Eşref, küfür bilmediği gibi küfürbazlardan uzak durur, onların verdiklerini almazdı. Çok gezer, gezdikleri yerlerde dâima âlim ve şeyh kişileri ziyaret eder, şayet fotoğraflarını eline geçirirse onları cebinde taşırdı. Şehirlerarası selâm getirenleri, önceden karşılayarak alır; selâmı getiren, unutup söylememişse hemen karşısına çıkarak 'Hani benim emâneti niçin vermedin?' der, böylece muhatabını şaşkınlığa uğratırdı. Bunun örnekleri oldukça fazladır.
Hacı Eşref topladığı paralarla hırsızlara cüzdanını kaptırıp parasız kalanlara, hastahanede çaresiz bekleyenlere yardım elini uzatır. Yürütülen bazı hizmetlerin altında bulunan gerçek eli bilmediğimizi itraf etmeliyiz.
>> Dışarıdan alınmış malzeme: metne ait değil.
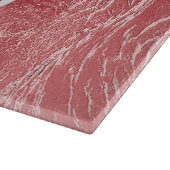 Glamour rosa Fohlen und Glitzer Monogram Schneidebrett (Ecke)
Özden, Kastamonu halkı tarafından sevilen bu değerli şahısları unutmamak gerekir, TÜRKAV olarak manevi büyükleri hatırlamanın bir görev olduğu bilinciyle hareket ettiklerini söyleyerek konuşmasını sonlandırdı.
Daha sonra Kabir başında okunan Yasin’i Şerifin ardından yapılan hatim duasıyla program sona erdi.